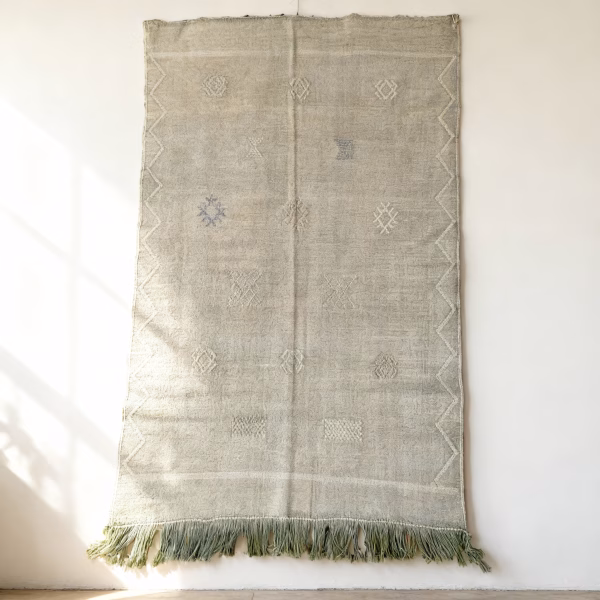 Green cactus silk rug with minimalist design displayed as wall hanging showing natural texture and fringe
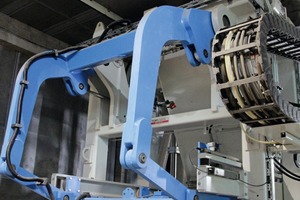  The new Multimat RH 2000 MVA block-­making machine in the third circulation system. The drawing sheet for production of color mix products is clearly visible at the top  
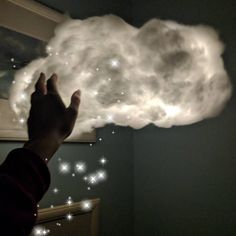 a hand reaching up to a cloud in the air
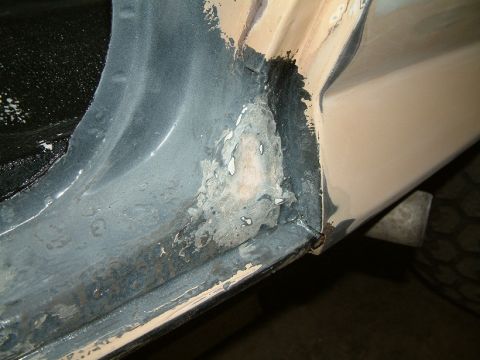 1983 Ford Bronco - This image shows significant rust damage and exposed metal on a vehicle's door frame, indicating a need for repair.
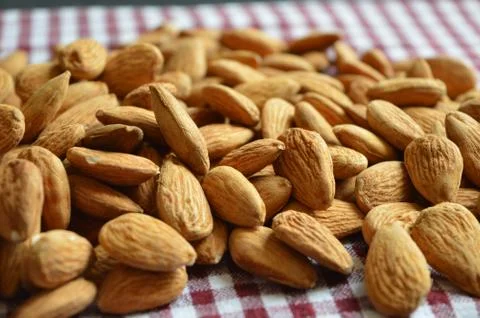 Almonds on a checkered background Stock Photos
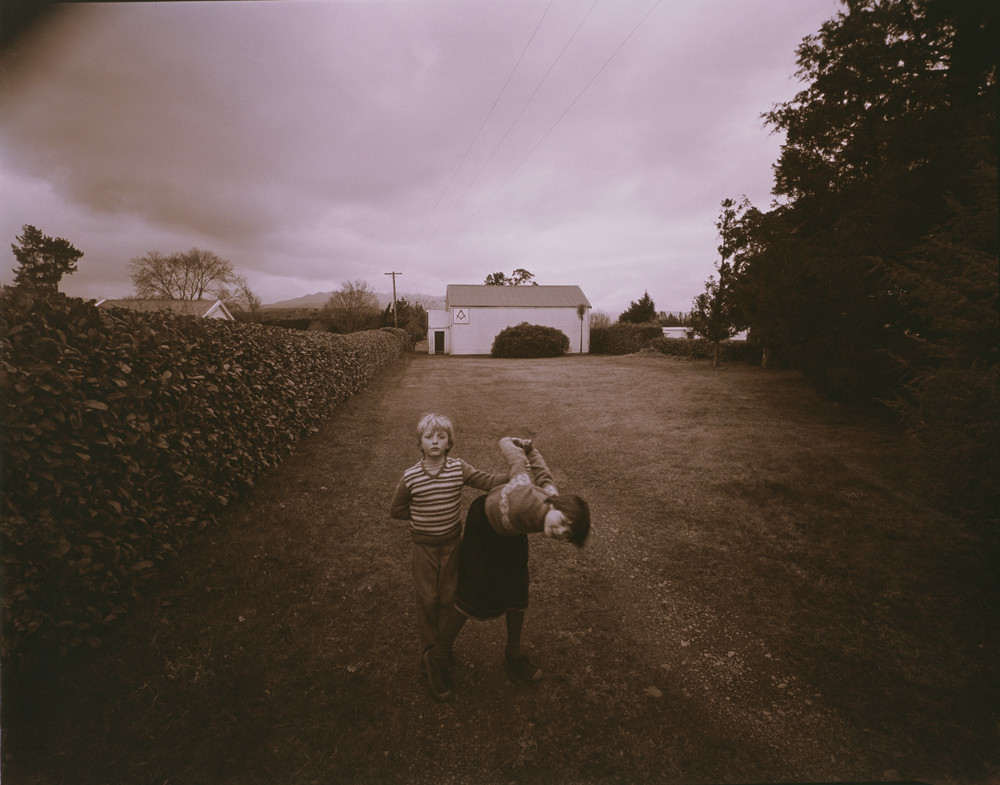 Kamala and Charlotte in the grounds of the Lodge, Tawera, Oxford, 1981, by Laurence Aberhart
__________
# What the task asks:
Each line above from the one containing "a hand reaching up to a cloud in the air" through the one containing "Almonds on a" is to be returned verbatim. Nothing else, and no pictures.

# Solution below:
 a hand reaching up to a cloud in the air
 1983 Ford Bronco - This image shows significant rust damage and exposed metal on a vehicle's door frame, indicating a need for repair.
 Almonds on a checkered background Stock Photos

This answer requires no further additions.